Artık, bir üniversite öğrencisi olmanın haklı gururunu yaşıyorsunuz. Siz ve aileniz kocaman bir tebriği fazlasıyla hak ettiniz. Öğretmenlerinizi, bu süreçte yanınızda olan ve size destek veren hiç kimseyi unutmamak gerekir. İlk başta tek kişilik bir çaba olarak görülse de aslında iyi organize olmuş bir takım işi. Bu ifade sizin başarınızı asla gölgelemez, gölgeleyemez. Aksine, bu süreçte katkısı olanları hatırlamak, vefalı olmak, hakkı teslim etmek sizi büyütür, güç katar size. Ayrıca, üniversiteye yerleşerek rüştünüzü ispatladığınızı, yaptıklarınızın sorumluluğunu üstlenebilecek yaş seviyesine geldiğinizi, reşit olduğunuzu da belirtmek gerekir. Bundan böyle yapacağınız her güzel şeyin size ayrı bir değer katacağını da burada ifade etmek gerekir.
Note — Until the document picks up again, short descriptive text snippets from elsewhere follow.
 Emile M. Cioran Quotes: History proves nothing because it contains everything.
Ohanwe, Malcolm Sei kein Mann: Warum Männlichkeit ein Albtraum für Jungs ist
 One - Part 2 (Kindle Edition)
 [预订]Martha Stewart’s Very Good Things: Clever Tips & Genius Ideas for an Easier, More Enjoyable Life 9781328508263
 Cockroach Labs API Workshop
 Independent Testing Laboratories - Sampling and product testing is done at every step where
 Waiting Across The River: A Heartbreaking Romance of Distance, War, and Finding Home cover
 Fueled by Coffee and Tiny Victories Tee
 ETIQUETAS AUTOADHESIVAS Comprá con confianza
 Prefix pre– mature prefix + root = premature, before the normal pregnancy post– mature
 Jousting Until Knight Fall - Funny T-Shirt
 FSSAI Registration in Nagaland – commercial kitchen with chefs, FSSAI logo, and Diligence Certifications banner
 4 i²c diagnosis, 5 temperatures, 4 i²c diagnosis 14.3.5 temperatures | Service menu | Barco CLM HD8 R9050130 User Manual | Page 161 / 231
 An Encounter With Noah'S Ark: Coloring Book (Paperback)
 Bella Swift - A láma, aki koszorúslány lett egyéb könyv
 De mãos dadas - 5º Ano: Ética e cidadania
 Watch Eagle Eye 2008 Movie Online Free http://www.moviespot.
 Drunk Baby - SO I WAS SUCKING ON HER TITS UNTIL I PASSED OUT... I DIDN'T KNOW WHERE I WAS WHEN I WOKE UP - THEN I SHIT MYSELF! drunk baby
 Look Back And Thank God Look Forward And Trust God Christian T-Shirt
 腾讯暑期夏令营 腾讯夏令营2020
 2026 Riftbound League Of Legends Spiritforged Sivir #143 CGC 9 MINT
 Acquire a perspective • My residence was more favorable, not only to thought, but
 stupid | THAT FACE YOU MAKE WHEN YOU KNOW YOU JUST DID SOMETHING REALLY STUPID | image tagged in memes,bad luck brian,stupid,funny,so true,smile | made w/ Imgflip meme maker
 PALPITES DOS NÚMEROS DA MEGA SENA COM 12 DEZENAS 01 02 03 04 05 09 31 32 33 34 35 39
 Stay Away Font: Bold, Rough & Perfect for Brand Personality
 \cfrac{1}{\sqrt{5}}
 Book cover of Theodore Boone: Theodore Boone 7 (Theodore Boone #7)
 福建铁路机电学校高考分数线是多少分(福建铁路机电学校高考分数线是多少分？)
Kapısından içeri adım attığınız üniversiteye yerleşebilmek için kim bilir hangi zorluklarla baş etmek zorunda kaldınız. Emek verdiniz, alın teri döktünüz. Yapmak, gezip görmek istediğiniz birçok şeyi ertelediniz, ötelediniz. Kendinizi sınırlandırırken yalnız değildiniz, aileniz de eşlik etti sizlere. Mücbir haller dışında gitmek görmek istedikleri yerleri, misafir ağırlamayı büyük ölçüde ertelediler. Çocuğum bu süreçte herhangi bir şeyden canı sıkılmasın, dikkati dağılmasın, zaman kaybetmesin diye. Öğretmenleriniz de ders dışında teneffüslerde dinlenmek yerine size vakit ayırmaya, katkı sunmaya ve yardımcı olmaya çalıştılar. Okul yöneticileriniz sizin için okulun bütün imkânlarını seferber etmeye; siz, öğretmenleriniz ve velileriniz arasında bir orkestra şefi gibi güçlü bir koordinasyon oluşturmaya özen gösterdiler. Görünmez kahramanlarınız, görünmek, bilinmek için değil, sizin için emek verdi, ter döktüler. Bunlar arasında okulunuzun kütüphanecisi, çaycısı, aşçısı, hizmetlisi olabileceği gibi bunlarla birlikte başka isimsiz kahramanlarınız da yer alabilir. Bu bin kişinin yaptığı pasta gibi, başta siz olmak üzere büyük emeklerle vücuda getirdiğiniz, takdire şayan bir başarıdır. Size, ananızın ak sütü gibi helaldir. Bununla birlikte nasıl olsa üniversiteye kapağı attık diyerek bin kişinin yaptığı pastayı çöpe atamaz, verdiğiniz emekleri bir kenara bırakamaz, hayallerinizden vaz geçemezsiniz, geçmemelisiniz. Bunun bir yükümlülük getirdiğini, daha çok çalışmanız gerektiğini bilmelisiniz.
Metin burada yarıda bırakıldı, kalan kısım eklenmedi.